We have N number of files, which wont be fixed, but with the help of naming convention we pick few files following files as 1 file type.
For example, we have 4 files with structures like below; and are called as 1 type of files.
File1: Col1 (mandatory and fix location), Col2, Col3, Col4
File2: Col1 (mandatory and fix location), Col2, Col3, Col4, Col5
File3: Col1 (mandatory and fix location), Col2, Col5, Col4, Col3
File4: Col1 (mandatory and fix location), Col2, Col3, Col6
Means, Col1 (Pkey columns) will always be first but rest of the Columns can change its position, can come or can be missed out in different coming files.
We need to come-up with a solution where we should be able to pull 1 type of files in one go and able to load all in 1 target Hive table.
We can create Hive table, having all the possible columns, upfront like from Col1 to Col6.

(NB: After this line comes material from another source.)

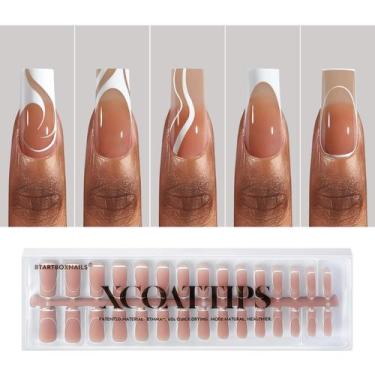 Imagem de Press on Nails Bartbox French Tip XCOATTIPS Short Coffin - BTArtbox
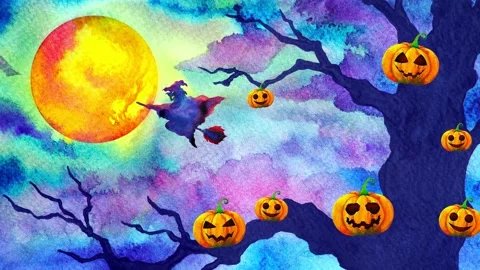 Witch flying in full moon night halloween party funny orange pumpkin light Stock Footage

Our process should write all the files, having same file type, into 1 target file or 1 target hive table.
Option of Implementation;
We merge all the files in 1 file type and create 1 target file, in local directory, with all the columns and data as well and then load that 1 file into hive table or in HDFS as file which can then be read via Hive external table.
We pull all the files in 1 file type, SPARK and place those in RDD/ data frames, and then create 1 target RDD which will keep a copy in SPARK and also push the data into Hive table as well. Not sure how to achieve that using NiFi, via SCALA scripting we have achieved it. If anyone can help us to convert SCALA script into NiFi, that will be of great help also.
Ideal option is to us NiFi which pulls all the files of 1 file type and on the fly, it do the thing and load into Hive table or in HDFS as file which can then be read iva Hive external table.